To think that transubstantiation could cause so much conflict. Pick your enemies carefully from amongst those despised by right thinking people and your observations about them will not be scrutinised too carefully.

B:It was forbidden to marry one’s sister in Rome. It was allowed among the Egyptians, the Athenians and even among the Jews, to marry one’s sister on the father’s side. It is with regret that I cite that wretched little Jewish people; who should certainly not serve as a model for anyone, and who (putting religion aside) were never anything but a race of ignorant and fanatic brigands. But still, according to their books, the young Tamar, before being ravished by her brother Amnon, says to him: “Nay, my brother, do not thou this folly, but speak unto the king; for he will not withhold me from thee.”

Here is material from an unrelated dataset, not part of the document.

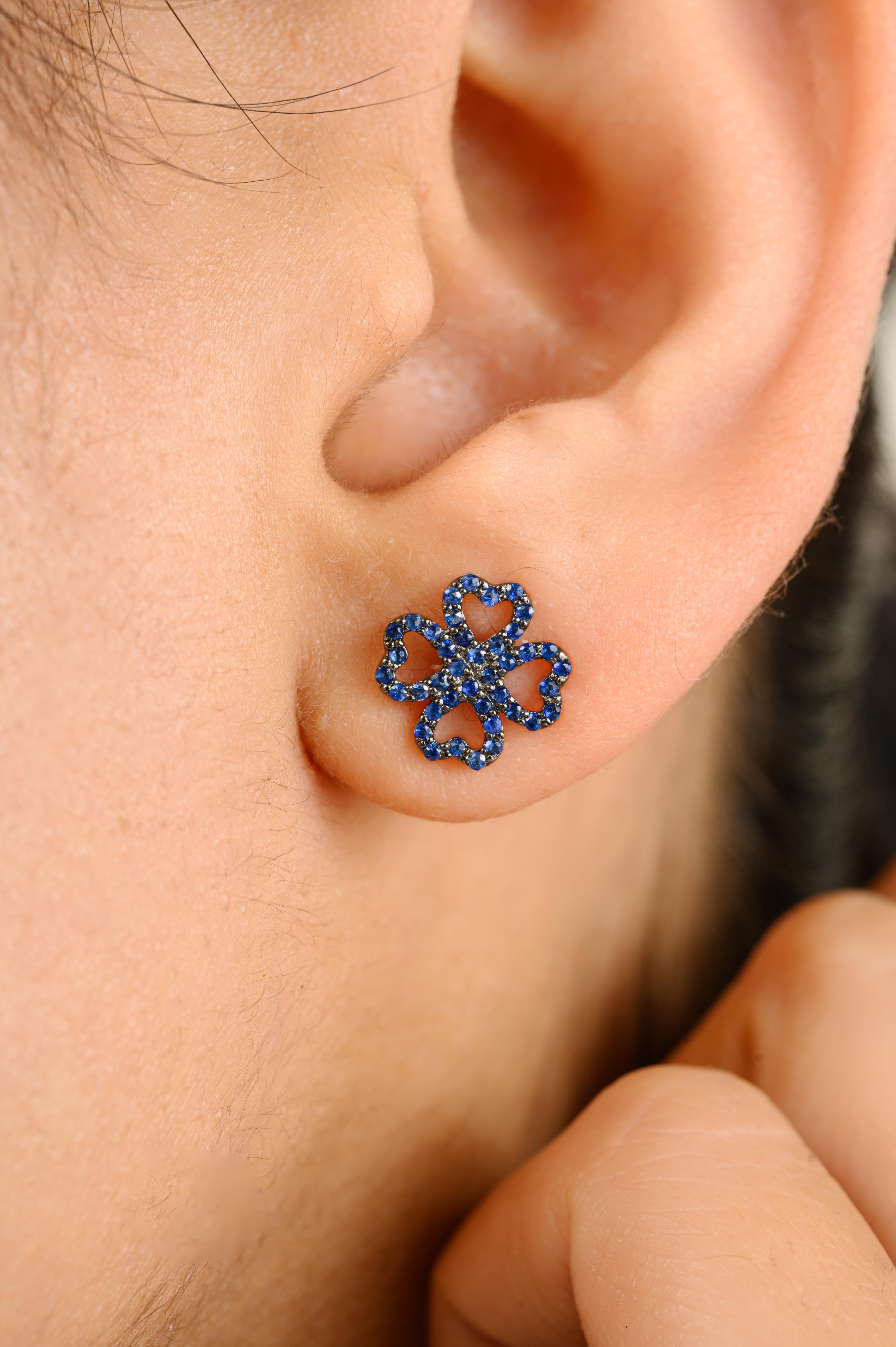 Taglio rotondo Orecchini con zaffiro blu floreale da 0,319 carati Regalo per lei in oro bianco 14k in vendita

A: All that is conventional law, arbitrary customs, passing fashions; the essential remains always.
(from Natural Law in Philosophical Dictionary)

Proleptically speaking, he would say that when we know that his last mistress, Madame Denis. was the daughter of his sister.


Thursday 6 February 2020

Odd Conversation


 “On a chilly evening last fall, I stared into nothingness out of the floor-to-ceiling windows in my office on the outskirts of Harvard’s campus.”
- Martin, I said to my companion, what..
He broke in:
- Ah indeed the whatness of things, that they are and are something and also the surroundness of the question that is also without a limit. We are all answerable to that. And by the way I never said ‘nothing nots’. What I said was ‘no thing nots’. Presence is an unalterable fact that cannot negate itself.
- Martin you have a way of bringing silence into speech.
- It has to return to that out of which it emerged.